Tierhaltung im Garten

Tierhaltung im Garten

Tierhaltung im Garten ist ein hochinteressantes, wie facettenreiches Thema: Damit ist sowohl das Mitnehmen des Hundes in den Kleingarten gemeint, als auch die Haltung von Hühnern und Stallkaninchen auf Eigentumsgrundstücken. Doch ganz gleich, ob Dir Dein Grundstück gehört oder Du es gepachtet hast, die Ausmaße der Tierhaltung sind klar begrenzt. Rücksichtnahme sollte zudem eine Selbstverständlichkeit sein, denn man möchte ja schließlich selbst auch nicht, dass des Nachbars geliebter Hund sich beispielsweise im eigenen Garten verewigt. Zudem sollte es ebenfalls als Selbstverständlichkeit gelten, dass Tiere, ganz gleich welcher Art, auch tiergerecht gehalten werden. Platz, Freilauf, Futter und Beschäftigung und idealerweise mehrere Artgenossen sollten vorhanden sein, Inzucht jedoch vermieden werden. Worauf Du noch achten musst, wenn Du Hase, Meerschwein, Huhn und Co. in Deinem Garten halten möchtest, habe ich im folgenden Beitrag für Dich zusammengefasst.

Hühner

Hühner sind sehr speziell. Meist ist gegen zwei oder drei Hühner nichts einzuwenden, sehr wohl aber gegen einen ganzen Stall voll. Jedenfalls dann, wenn der Garten nur angemietet ist. Hier gilt es, wie bei anderen Haustieren eben auch, den Vermieter direkt anzusprechen und nett zu fragen.

Aber: Auch jedes einzelne Huhn gehört tatsächlich beim Veterinäramt angemeldet. Das ist wichtig im Rahmen des Seuchenrechts.

Hunde

„Hunde sind an der Leine zu führen!“ – Daran solltest Du Dich bitte auch halten. Dass ein Hundehalter seinen Hund am Wochenende nicht Zuhause lässt, während der im Garten den Tag genießt, ist völlig klar.
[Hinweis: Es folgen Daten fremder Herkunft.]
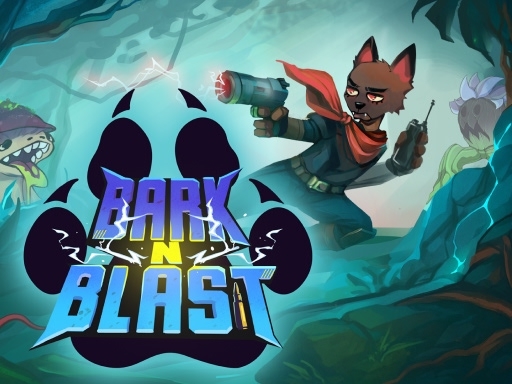 Bark & Blast: Лай и Взрыв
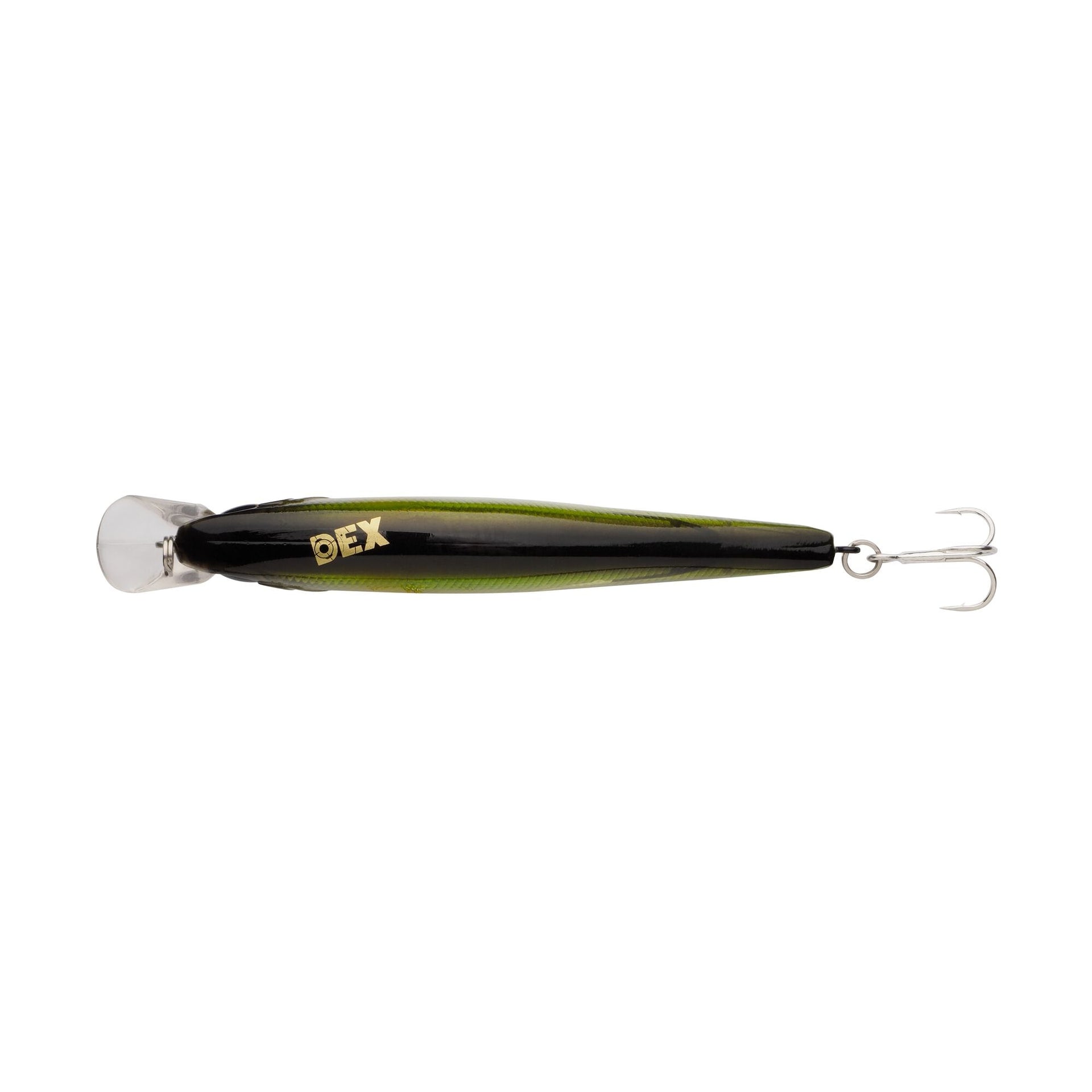 Berkley DEX Fat Bullet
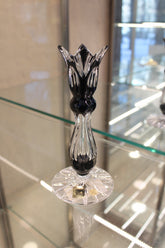 Sfesnic Lotos - 175 mm - negru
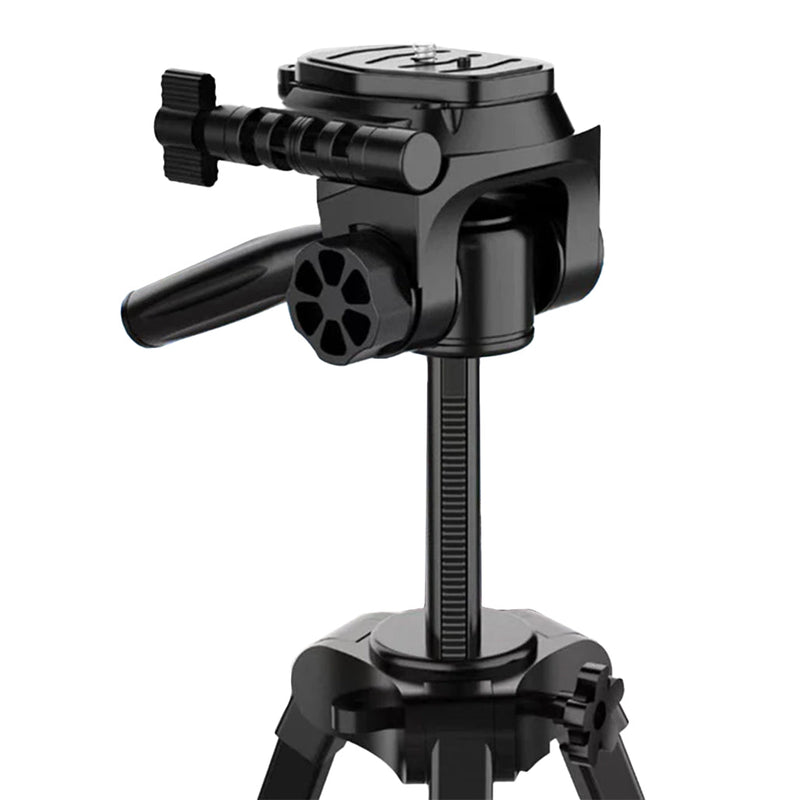 Tripod Per Kamera Profesionale Earldom EH102 foto 4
Aber gerade in Kleingartenvereinen gibt es ganz klare Regeln, an die es sich zu halten gilt. Innerhalb des eigenen Gartens darf Dein Hund sich natürlich auf der Wiese gern austoben.

Katzen

Wer kennt sie nicht: Freigänger. Wilde Katzen gibt es nach wie vor sehr viele, natürlich kann diese Sanftpfoten niemand verbieten und das wird auch gar keiner versuchen. Sie streunen eben umher, manchmal haben sie Glück und treffen einen besonders tierlieben Kleingärtner, der auch schon mal ein Näpfchen mit etwas zu trinken bereitstellt.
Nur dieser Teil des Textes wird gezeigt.